It was the fifth in six years. Another concussion. Most professional athletes don’t get anywhere close to that number in such a short time span. But somehow, I pulled it off. The night after I got the concussion, I went out with some friends to give him the PAX badges I ordered for them. I had other things on my mind, however.
Sports isn’t a thing that happens in my family. My mother and my sister never played sports. My father only played table tennis, and that was because he played when he was young. Yet, somehow, I was given this love and ability to play sports. It never made sense to me, but I didn’t let it stop me.
My love started out when I saw the Blazers for the first time. Clyde “the Glide” Drexler. Jerome Jersey. Kevin Duckworth. Buck Williams. Terry Porter. I had this love for them. I wanted to imitate and be like them. My dad made a basketball court, with lines and all, in our garage so that we’d play together. I would just drive past him, steal the ball when he got it, and just score tons of points. There was photos on the wall of those guys near the mini-hoop that we had. It progressed from there. My mom offered me the opportunity to learn to play tennis. I saw Pete Sampras play. His aggressive serve-and-volley play was simple yet effective. Michael Chang was also someone I admired as well. He was small, but had a huge heart for the game. It showed in his French Open win when he was young. I’d take lessons or practice with friends or people my parents wanted to play with.
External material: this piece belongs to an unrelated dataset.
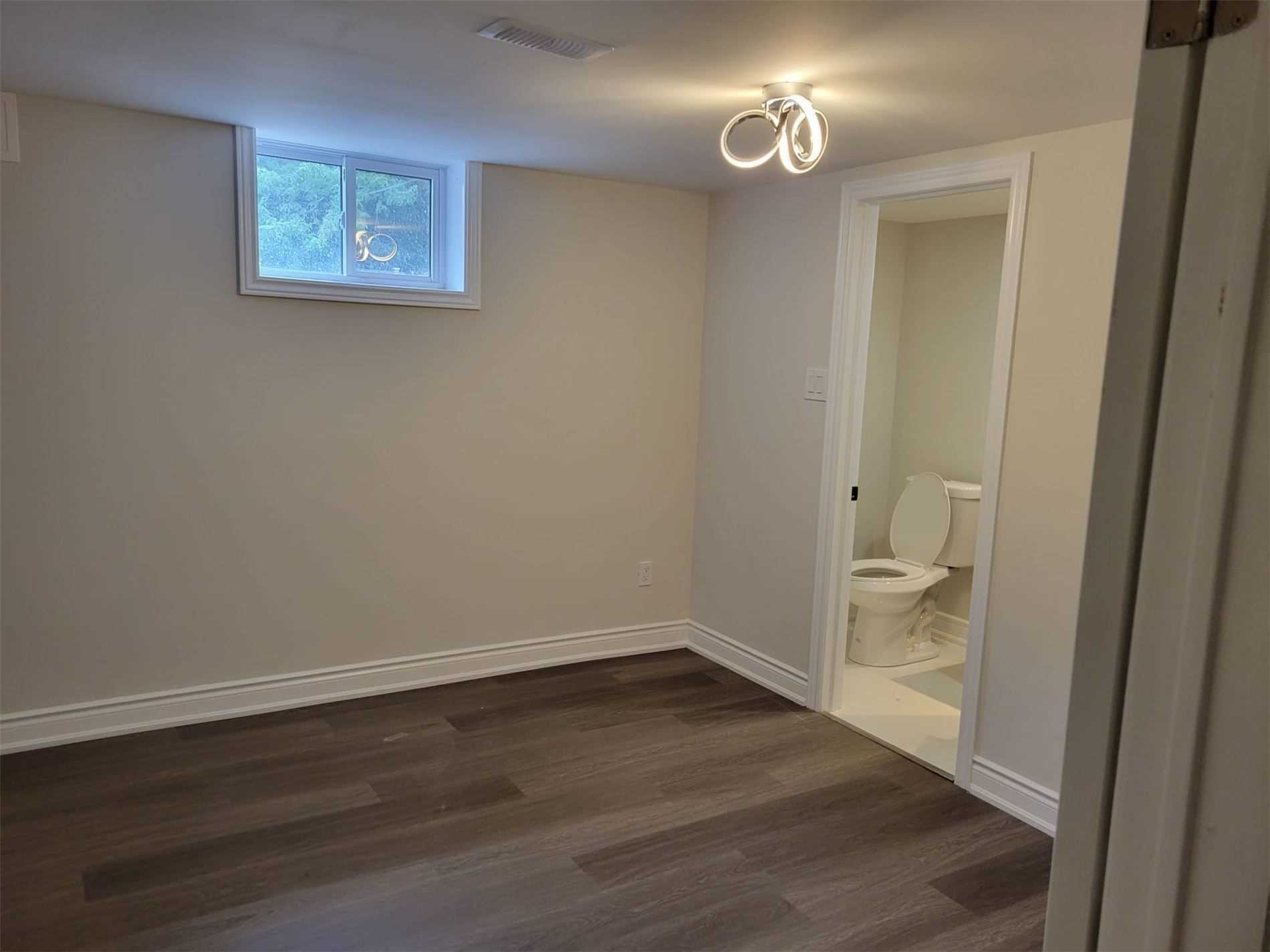 Listing W5865916 - Large Photo # 17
Whenever there was an opportunity to play sports, I jumped at the chance. Basketball, tennis, swimming, baseball, football, ultimate frisbee, and most recently, soccer. I didn’t care about whether I was too small, too weak, or too late to learn the game. I wasn’t afraid to take on the challenge. I was willing to prove people wrong and that I was more than capable of taking on the task, even if I didn’t look the part.
It wasn’t until just after I graduated from college that things began to change. I was in the middle of a soccer game and tried to jump for a header. But somehow, I came down on another player. I came down hard and landed on my head. I was left dazed and confused from there. I was driven back home by one of my teammates soon afterwards. Months later, I suffered another mild concussion while I was playing as a keeper. I went to clear a ball just outside of the 18-yard box and an opposing player ran through me. I dropped like a rock and was knocked unconscious for minutes. A ER visit later and I was forced to take some time off to recover. I managed to get back up and continue playing.
It wasn’t until after my fourth one that I had to stop and think for a second. Could I continue playing sports with the risk of getting another concussion? What would happen if I did get the fifth? I spent some time thinking about it, but the thought of not playing sports ever again was just too much to ask for. I had spent some much of my life devoted to sports that it became a part of my identity. It was a part of who I am.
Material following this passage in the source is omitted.